# Problem statement:
Before copying, set the images aside; then transcribe every entry below exactly.

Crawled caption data
Start of Block

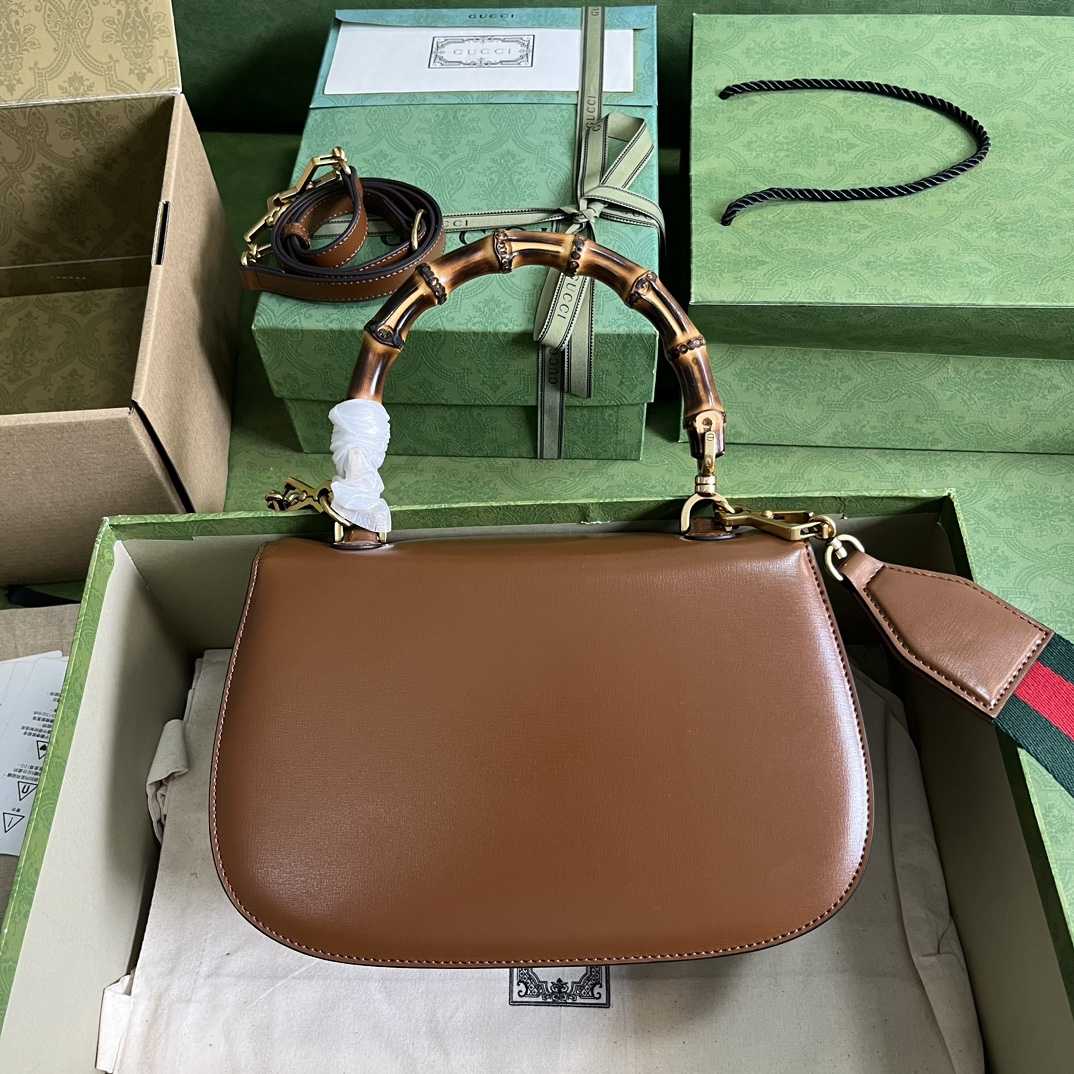 Gucci Bamboo 1947 Medium Top Handle Bag(26-17-9cm) - FashionPlug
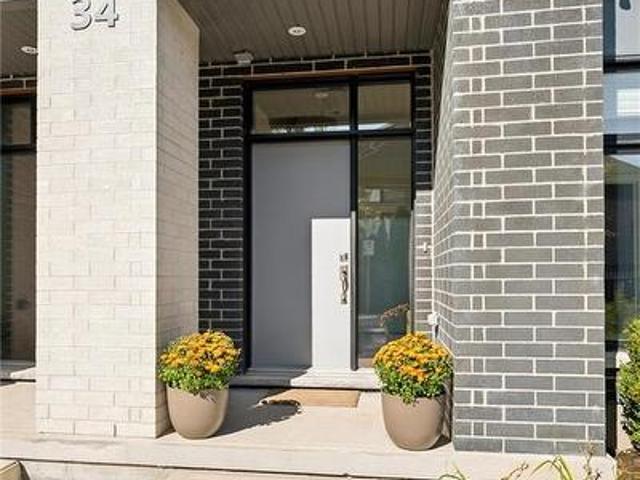 Townhouse for sale in Waterloo, Ontario
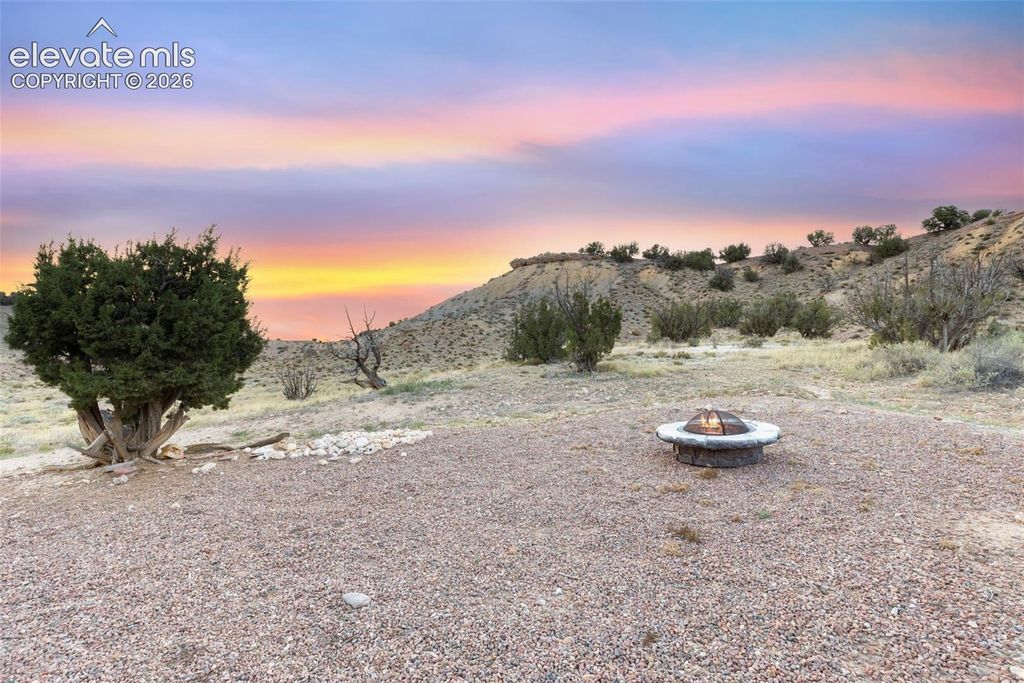 507 Van Egmond Drive, Penrose, CO 81240 — photo 5
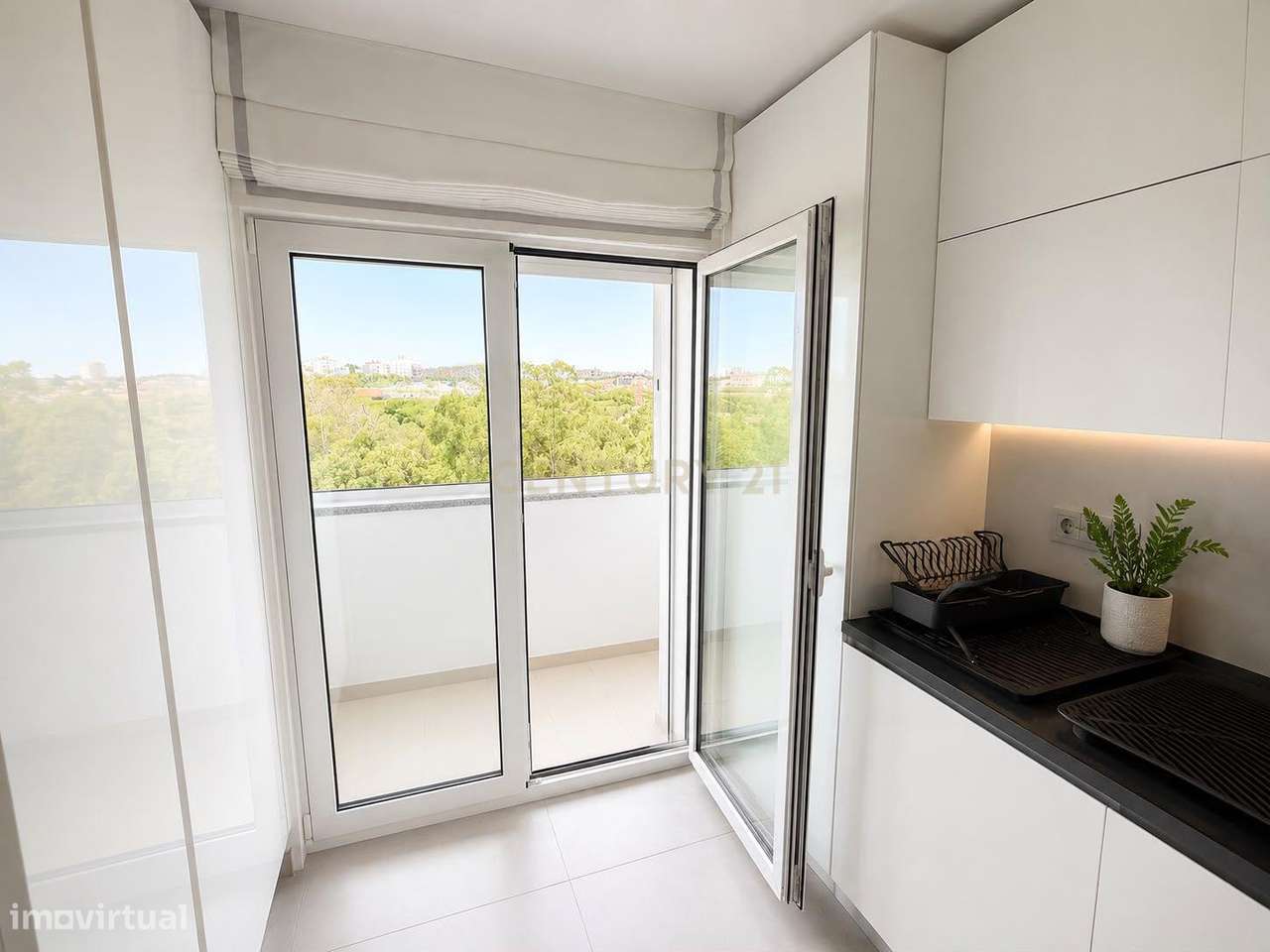 Apartamento T3 moderno e luminoso a 15 minutos da praia | Parede (Casc-6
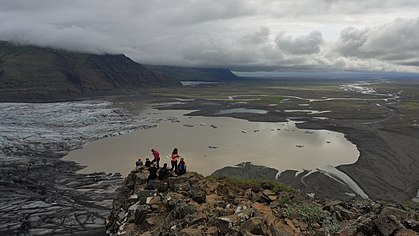 O planalto de Skaftafellsheiði, no Parque Nacional Vatnajökull, Islândia, oferece uma vista panorâmica de um extremo do glaciar Vatnajökull e do lago que constitui a nascente do rio Skeiðará. (definição 4 968 × 2 797)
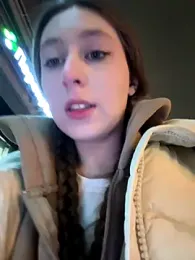 FroggyAnna webcam stripchat model stream image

End of Block

# Result for this task:
 Gucci Bamboo 1947 Medium Top Handle Bag(26-17-9cm) - FashionPlug
 Townhouse for sale in Waterloo, Ontario
 507 Van Egmond Drive, Penrose, CO 81240 — photo 5
 Apartamento T3 moderno e luminoso a 15 minutos da praia | Parede (Casc-6
 O planalto de Skaftafellsheiði, no Parque Nacional Vatnajökull, Islândia, oferece uma vista panorâmica de um extremo do glaciar Vatnajökull e do lago que constitui a nascente do rio Skeiðará. (definição 4 968 × 2 797)
 FroggyAnna webcam stripchat model stream image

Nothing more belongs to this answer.